■ **TASK OBJECTIVE**
Please write out every line of the listing without alteration, but omit the images.

■ **DATA EXTRACT**

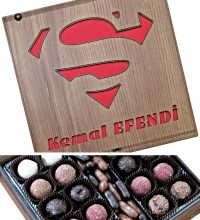 Hediyelik Çikolata - İsimli -Superman- Tasarım Ahşap Kutusu ile Kahramanlara Yakışır Tatlı Bir Sürpriz Hediyelik Çikolata - İsimli -Superman- Tasarım Ahşap Kutusu ile Kahramanlara Yakışır Tatlı Bir Sürpriz
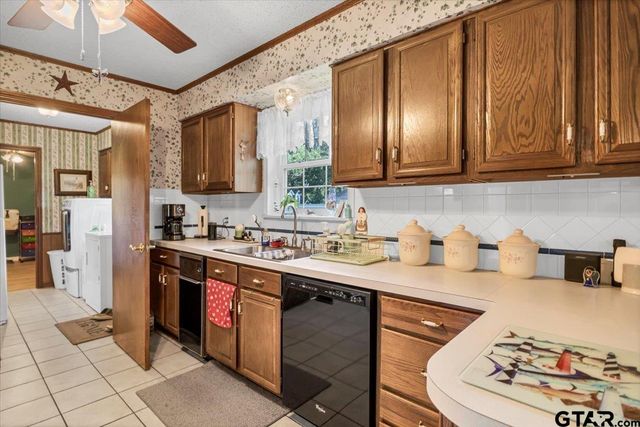 5626 Meadowdale Road, Flint, TX 75762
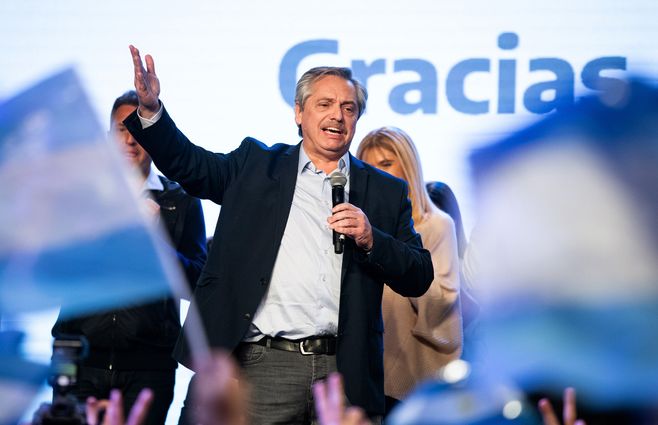 Fernández fue jefe de gabinete de Néstor Kirchner, se alejó del sector por varios años, en especial por sus diferencias con Cristina. Ella fue a buscarlo y le ofreció ser el candidato. Su buen relacionamiento con la oposición puede ser fundamental para cerrar la grieta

■ **REPLY**
 Hediyelik Çikolata - İsimli -Superman- Tasarım Ahşap Kutusu ile Kahramanlara Yakışır Tatlı Bir Sürpriz Hediyelik Çikolata - İsimli -Superman- Tasarım Ahşap Kutusu ile Kahramanlara Yakışır Tatlı Bir Sürpriz
 5626 Meadowdale Road, Flint, TX 75762
 Fernández fue jefe de gabinete de Néstor Kirchner, se alejó del sector por varios años, en especial por sus diferencias con Cristina. Ella fue a buscarlo y le ofreció ser el candidato. Su buen relacionamiento con la oposición puede ser fundamental para cerrar la grieta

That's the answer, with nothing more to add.